Data Governance for AI: Challenges & Best Practices (2024)

Updated September 28th, 2024

Share this article

AI is a powerful tool for organizations, but AI systems come with unique challenges. The large amount of data used by AI systems raises complicated data governance questions. In this article, we will look at some of the challenges of data governance for AI systems and consider possible solutions.

See How Atlan Simplifies Data Governance – Start Product Tour


Table of contents #

  1. Challenges of AI governance
  2. Data Governance for AI
  3. Conclusion
  4. Related Reads

Challenges of AI governance #

AI tools are rapidly impacting the business landscape. According to a 2022 survey by McKinsey, AI adoption has more than doubled in the last five years.

The large amount of data used to train AI systems raises complex questions of data lineage, trust, and privacy. Sensitive, private information needs to be handled properly, especially as the regulations in Europe and America are shifting. AI systems need to be carefully designed so that their data usage aligns with user safety and the law.

This means that AI needs its own data governance. Let’s look in more detail at exactly what issues an AI data governance system needs to handle.

What makes data governance for AI challenging? #


A few factors make data governance for AI a particularly complicated problem.
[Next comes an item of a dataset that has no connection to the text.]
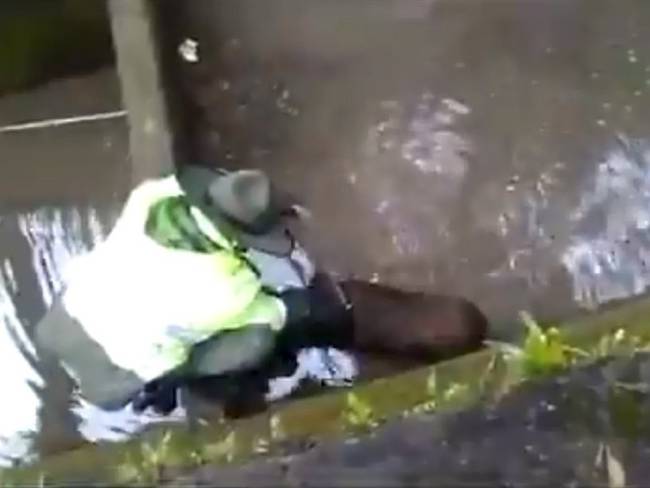 El aullido de un perro que cayó al río Arzobispo alertó a la Policía de Carabineros.. Foto: Captura de video
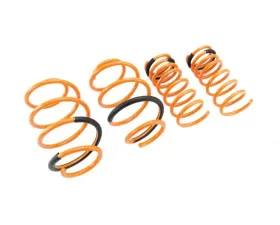 Megan Racing Lower Spring Nissan Maxima 2009-2014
  • Hidden security risks: When a system is being trained on hundreds of terabytes of data, it’s easy for some entries containing sensitive information to find their way in. That information will be trained into the AI’s neural network. That makes it potentially accessible to users without anyone even recognizing the vulnerability.
  • Irregular user interfaces: With AI, users don’t select from menus - they prompt using natural language. This flexibility means unexpected inputs are possible, such as a user mistakenly inputting private or confidential information. Any records of this input are a severe risk! Added flexibility means that UI requires extra safeguards and audits.
  • Unexplainability: The algorithms produced by AI training aren’t explicitly designed. The mechanics of an AI system are not easy to unpack. The opacity of AI systems can make them difficult to trust. Efforts towards explainability help build trust in AI systems.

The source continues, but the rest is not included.